We are planning to use the JMS Source Connector to stream data into our Kafka cluster. The data from ActiveMQ is in XML format. The JMS Source Connector uses the internal messageID (Message.getJMSMessageID()) as key.
The field that serves as the key - on the Kafka topic that the Connector streams to - needs to be retrieved from within the (XML) payload.
To achieve this a few steps are necessary in the Connector.
- To transform the XML to the internal Kafka Connect Struct we use a custom transformation plugin (https://github.com/jcustenborder/kafka-connect-transform-xml)
- Then the ValueToKey and ExtractField transformers set the key that was part of the payload.
- Now this key-value pair is ready to be sent to our Kafka topic.
We are dealing with financial transactions and need to guarantee the order of the messages.

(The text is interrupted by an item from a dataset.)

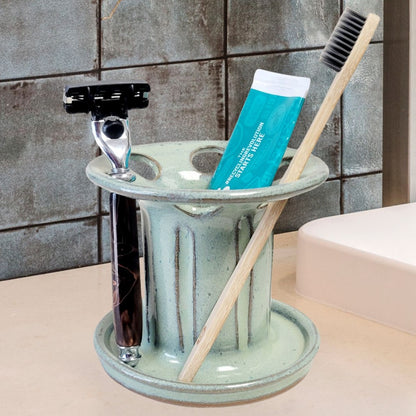 A green handmade ceramic toothbrush stand with multiple slots, displaying a toothbrush, toothpaste tube, and a razor. The stand has a striped pattern and is placed on a light-colored bathroom counter. Functional bathroom organizer for toothpaste, shaving gear, and essentials.
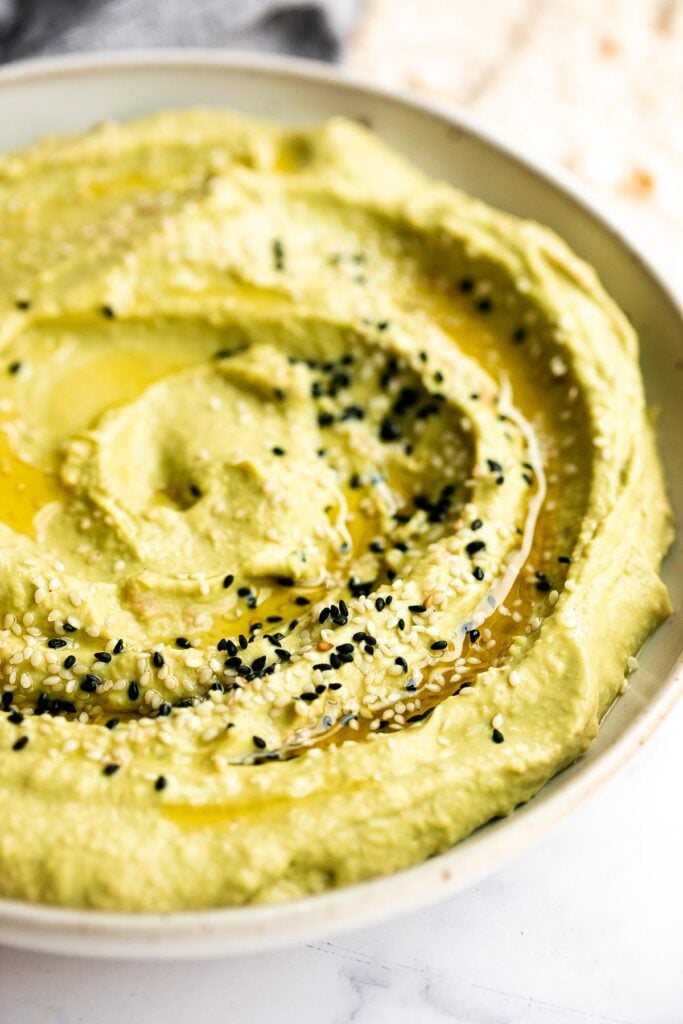 Quick and easy avocado hummus is creamy, smooth, healthy, and delicious. Loaded with chickpeas and avocado, it's the perfect blend of hummus and guacamole. | aheadofthyme.com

We have high throughput, and from what I understand, configuring tasks.max allows parallelism by distributing tasks among the Kafka Connect Workers.
First question: How does parallelism work in combination with single message transformers? Do the '(Source)Connector - Transformer - Converter' form a pipeline that is together distributed by setting tasks.max, or does the tasks.max setting somehow only apply to the Connector?
The latter seems a bit odd, so assuming the former is correct I have another doubt.
Our Kafka topic key - that will guarantee the order on the Kafka topic - is determined within the Connector's tasks. Choosing tasks.max > 1 the incoming messages are distributed among the running tasks.
Being distributed among multiple tasks, two (or more) messages (containing the same key within the payload) arrive in a certain order from ActiveMQ and can be sent to different Kafka Connect tasks.
Theoretically the order could be reversed when finally streaming into the Kafka topic (on the same partition, as they now have the same key).
Am I right reasoning this way and is there are way to circumvent this? Or is an ordering guarantee only possible in this use-case using one task only.